Check each line of the records below for the word "Countertop" and copy those where it appears.

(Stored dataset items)
::::::
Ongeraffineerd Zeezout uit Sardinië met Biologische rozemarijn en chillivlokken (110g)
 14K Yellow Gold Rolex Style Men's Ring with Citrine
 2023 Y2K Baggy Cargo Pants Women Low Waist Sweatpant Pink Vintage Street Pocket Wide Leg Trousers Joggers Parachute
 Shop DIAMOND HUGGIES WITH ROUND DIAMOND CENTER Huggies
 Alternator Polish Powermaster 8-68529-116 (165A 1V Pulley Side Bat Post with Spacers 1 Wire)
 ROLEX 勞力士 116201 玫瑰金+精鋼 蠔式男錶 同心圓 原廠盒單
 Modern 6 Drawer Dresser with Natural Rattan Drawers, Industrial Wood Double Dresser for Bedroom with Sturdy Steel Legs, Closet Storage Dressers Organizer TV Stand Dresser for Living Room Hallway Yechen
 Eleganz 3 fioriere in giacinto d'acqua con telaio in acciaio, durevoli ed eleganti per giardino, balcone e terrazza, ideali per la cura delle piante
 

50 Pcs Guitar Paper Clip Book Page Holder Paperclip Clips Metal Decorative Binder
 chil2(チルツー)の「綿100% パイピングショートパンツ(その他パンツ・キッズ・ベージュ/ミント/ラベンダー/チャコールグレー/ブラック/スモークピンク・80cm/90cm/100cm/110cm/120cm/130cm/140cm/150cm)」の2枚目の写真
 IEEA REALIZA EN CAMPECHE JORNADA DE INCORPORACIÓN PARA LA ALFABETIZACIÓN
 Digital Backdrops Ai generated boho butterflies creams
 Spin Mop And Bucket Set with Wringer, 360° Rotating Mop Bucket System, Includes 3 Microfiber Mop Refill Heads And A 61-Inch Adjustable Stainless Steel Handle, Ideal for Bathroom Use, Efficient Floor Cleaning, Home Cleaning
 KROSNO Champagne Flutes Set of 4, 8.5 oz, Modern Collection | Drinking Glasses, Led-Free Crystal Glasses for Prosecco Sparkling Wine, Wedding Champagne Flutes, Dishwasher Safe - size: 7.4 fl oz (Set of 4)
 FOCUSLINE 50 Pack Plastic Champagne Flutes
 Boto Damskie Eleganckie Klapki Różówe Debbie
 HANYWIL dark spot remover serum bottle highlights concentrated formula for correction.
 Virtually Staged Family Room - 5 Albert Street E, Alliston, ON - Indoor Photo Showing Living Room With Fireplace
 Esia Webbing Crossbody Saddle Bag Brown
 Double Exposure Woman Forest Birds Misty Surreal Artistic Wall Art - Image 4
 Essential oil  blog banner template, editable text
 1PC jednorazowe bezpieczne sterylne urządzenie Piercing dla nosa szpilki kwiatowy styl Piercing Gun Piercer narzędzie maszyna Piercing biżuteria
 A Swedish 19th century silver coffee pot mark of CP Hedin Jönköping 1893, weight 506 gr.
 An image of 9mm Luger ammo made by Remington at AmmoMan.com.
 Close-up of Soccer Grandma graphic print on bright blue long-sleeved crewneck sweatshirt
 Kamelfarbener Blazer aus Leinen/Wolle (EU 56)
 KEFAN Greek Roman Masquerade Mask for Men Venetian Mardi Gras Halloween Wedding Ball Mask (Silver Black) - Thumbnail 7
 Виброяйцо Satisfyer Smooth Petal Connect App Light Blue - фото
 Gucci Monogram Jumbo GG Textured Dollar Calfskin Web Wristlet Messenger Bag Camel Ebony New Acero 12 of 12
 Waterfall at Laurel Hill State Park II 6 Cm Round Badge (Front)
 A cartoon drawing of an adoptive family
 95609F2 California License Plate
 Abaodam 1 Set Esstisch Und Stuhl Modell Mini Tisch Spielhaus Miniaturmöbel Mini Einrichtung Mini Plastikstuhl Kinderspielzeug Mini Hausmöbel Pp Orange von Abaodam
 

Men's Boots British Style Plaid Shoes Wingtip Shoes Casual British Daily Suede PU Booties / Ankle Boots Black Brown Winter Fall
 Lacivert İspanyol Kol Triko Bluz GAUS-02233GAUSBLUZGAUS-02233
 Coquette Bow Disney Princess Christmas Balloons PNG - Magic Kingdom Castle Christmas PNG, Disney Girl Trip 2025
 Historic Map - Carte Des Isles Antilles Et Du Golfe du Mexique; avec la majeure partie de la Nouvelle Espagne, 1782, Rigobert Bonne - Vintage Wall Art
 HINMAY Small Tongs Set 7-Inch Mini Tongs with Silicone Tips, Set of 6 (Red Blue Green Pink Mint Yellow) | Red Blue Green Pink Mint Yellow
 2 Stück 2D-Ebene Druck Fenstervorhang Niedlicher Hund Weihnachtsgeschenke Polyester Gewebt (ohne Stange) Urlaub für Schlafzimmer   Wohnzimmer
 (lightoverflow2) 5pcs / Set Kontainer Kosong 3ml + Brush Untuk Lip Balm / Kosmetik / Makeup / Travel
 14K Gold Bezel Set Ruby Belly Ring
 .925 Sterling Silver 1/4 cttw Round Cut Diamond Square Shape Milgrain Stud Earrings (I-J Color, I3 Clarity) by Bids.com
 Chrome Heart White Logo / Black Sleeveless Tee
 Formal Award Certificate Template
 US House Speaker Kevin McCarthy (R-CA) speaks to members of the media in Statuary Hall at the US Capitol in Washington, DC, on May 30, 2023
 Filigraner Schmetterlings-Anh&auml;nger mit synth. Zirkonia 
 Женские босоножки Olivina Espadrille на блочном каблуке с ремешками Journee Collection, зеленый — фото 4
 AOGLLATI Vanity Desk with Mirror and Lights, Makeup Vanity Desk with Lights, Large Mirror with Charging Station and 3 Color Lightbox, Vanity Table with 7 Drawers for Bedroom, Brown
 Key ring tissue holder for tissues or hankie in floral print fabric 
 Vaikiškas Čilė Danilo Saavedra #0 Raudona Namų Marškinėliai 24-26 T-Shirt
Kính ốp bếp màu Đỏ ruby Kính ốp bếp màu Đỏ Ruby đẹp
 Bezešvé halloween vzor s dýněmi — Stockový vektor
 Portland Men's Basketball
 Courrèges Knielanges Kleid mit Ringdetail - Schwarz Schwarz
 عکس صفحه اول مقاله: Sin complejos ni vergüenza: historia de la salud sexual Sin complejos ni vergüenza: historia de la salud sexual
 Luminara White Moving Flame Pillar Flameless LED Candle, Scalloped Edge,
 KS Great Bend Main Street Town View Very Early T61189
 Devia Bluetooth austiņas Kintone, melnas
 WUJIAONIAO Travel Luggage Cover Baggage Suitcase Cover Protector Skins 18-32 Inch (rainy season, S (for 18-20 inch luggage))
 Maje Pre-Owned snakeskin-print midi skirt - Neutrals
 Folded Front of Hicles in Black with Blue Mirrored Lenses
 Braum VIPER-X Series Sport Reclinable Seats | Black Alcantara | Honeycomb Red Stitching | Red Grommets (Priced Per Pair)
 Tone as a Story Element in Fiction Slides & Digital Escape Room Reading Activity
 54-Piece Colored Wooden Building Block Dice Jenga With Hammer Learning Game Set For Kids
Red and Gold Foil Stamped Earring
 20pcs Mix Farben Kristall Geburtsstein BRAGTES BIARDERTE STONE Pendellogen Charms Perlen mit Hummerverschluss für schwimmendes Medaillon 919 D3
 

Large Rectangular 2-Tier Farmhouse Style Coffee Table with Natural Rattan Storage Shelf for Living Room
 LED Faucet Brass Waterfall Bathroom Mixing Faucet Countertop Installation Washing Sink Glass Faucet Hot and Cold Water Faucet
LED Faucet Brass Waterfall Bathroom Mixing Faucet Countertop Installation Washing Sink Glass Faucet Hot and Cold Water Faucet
::::::
> [ANSWER BOX]:
 LED Faucet Brass Waterfall Bathroom Mixing Faucet Countertop Installation Washing Sink Glass Faucet Hot and Cold Water Faucet
LED Faucet Brass Waterfall Bathroom Mixing Faucet Countertop Installation Washing Sink Glass Faucet Hot and Cold Water Faucet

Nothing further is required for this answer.